A job is the progress a customer seeks in a particular context
Knowing more and more about customers is taking us in the wrong direction. What we need to focus on is the progress that the customer is trying to make in a given circumstance — what the customer hopes to accomplish. This is the job to be done.
When we buy a product, we “hire” it to help us do a job. If it does the job well, the next time we’re confronted with the same job, we hire that product again. If it does a poor job this time, we “fire” it and look for an alternative.
The 2 Assumptions
When you decide to adopt a Jobs to be Done approach, you work with simple assumptions that drive decision-making.
Customers buy a product to perform a specific task
A passenger doesn’t want a ride in a taxi, he wants to reach a place.
A construction worker doesn’t want to push a wheelbarrow, he wants to move material from here to there.
An accountant doesn’t want a computer program, she wants an easy method to calculate tax.
Tasks become the job to be done.
Tasks are the heart of strategies and innovations
Our products evolve over time, but the jobs to be done remain.
If the customer’s needs are always initially conceived as the JTBD, they remain stable and valid for longer periods. Companies can remain focused on outcome-driven innovation.
Jobs To Be Done Example
Imagine you have just taken a photograph, there are numerous potential jobs now
1) Capture this moment privately between two people, so we can look back on it fondly in years to come.
2) Embarrass a friend in front of another friend.

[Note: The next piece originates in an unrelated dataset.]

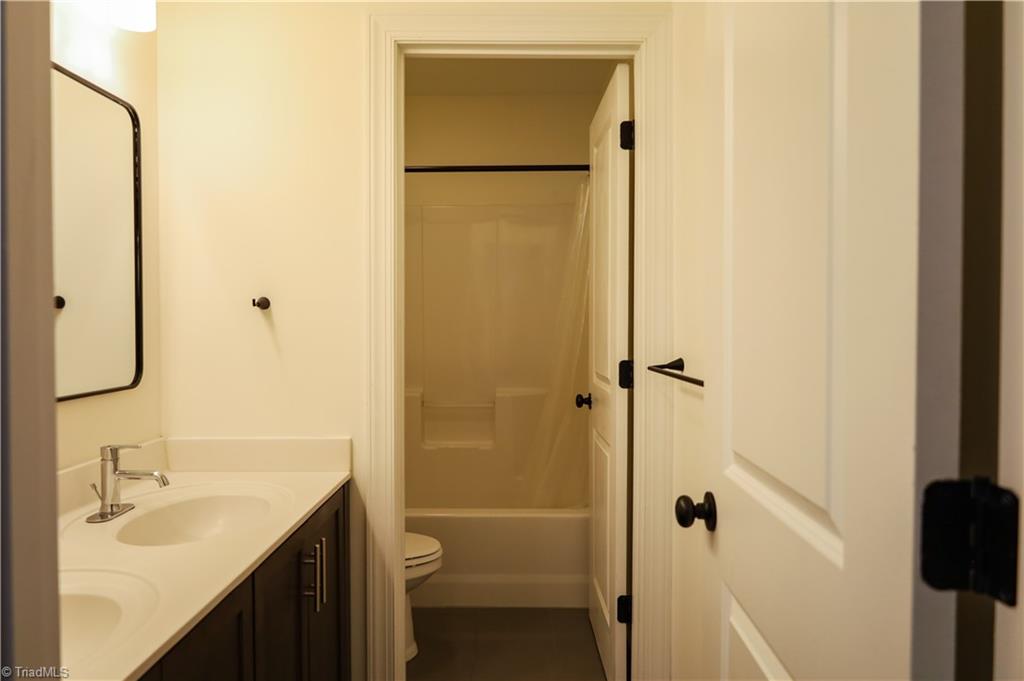 6012 Thistle Trace Property Photo 34
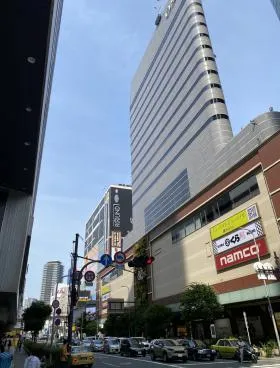 大阪富国生命の外観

3) Get this photo backed up online, so I can point others to it.
4) Get a copy of this photo to my grandmother who doesn’t use computers.
5) Make this look cool and interesting. Like me. And then share it.

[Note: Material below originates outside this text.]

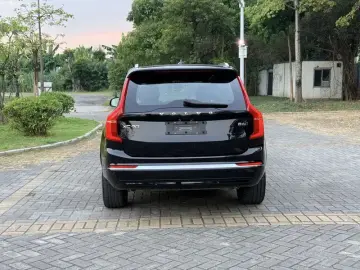 2023 Volvo XC90 с пробегом 19 000 км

6) Get this edited and into my portfolio so people consider hiring me for future engagements.
In this case the products you could hire are Facebook, iPhoto, Instagram, Flickr. When you think about how many of these apps you use, you realise the job is the distinction here, not you.

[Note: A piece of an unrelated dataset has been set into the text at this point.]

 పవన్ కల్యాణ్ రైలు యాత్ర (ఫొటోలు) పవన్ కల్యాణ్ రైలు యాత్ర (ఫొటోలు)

Focusing on the job rather than the persona helps highlight how features like red-eye reduction, multiple photo sizes, or filter effects are only useful for certain jobs
Desired Outcome Statement
|Direction Of |
|Metric||Object Of Control|
|Minimise||Time it takes||Songs|
Listening to music
Example “Hiring” an iPod
The user experience is tailored to do the job of helping you feel motivated when you go running. The iPod is smaller than a CD player, easier to use, and it allows you to have more than one CDs worth of songs on your playlist. You don’t have to listen to the same music over and over again or change a CD.
Feature: 5 GB Storage
Benefit: 1,000 songs your pocket
Context: When you go running
Job to be done: You want to motivate yourself with music
System of Progress
All customers journey through the same System of Progress
According to JTBD theory, the journey for progress includes four touch-points:
The customer imagines a better life solution — a “new me”
The customer searches for and chooses a solution
The customer uses the solution in order to start making progress
The customer realises the “new me”
Forces of Progress
Anxiety force reduces progress. There are 2 types of anxieties for customer jobs:
- Anxiety in Choice (I will choose the wrong product)
- Anxiety in Use (the product won’t work the way I expect)
Inertia force reduces progress – a tendency to do nothing or remain unchanged.
There are two types of inertia’s for customer jobs:
- Habits in Choice (I will choose products that I always have)
- Habits in Use (I will use products that I always have)
Push force improves progress
It is signified by a need to change. There are both internal (e.g. motivation for progress) and external (e.g. life forcing someone to change) pushes.
Pull force improves progress and it is signified by an aspiration or ideal that someone is in pursuit of (e.g. a better life).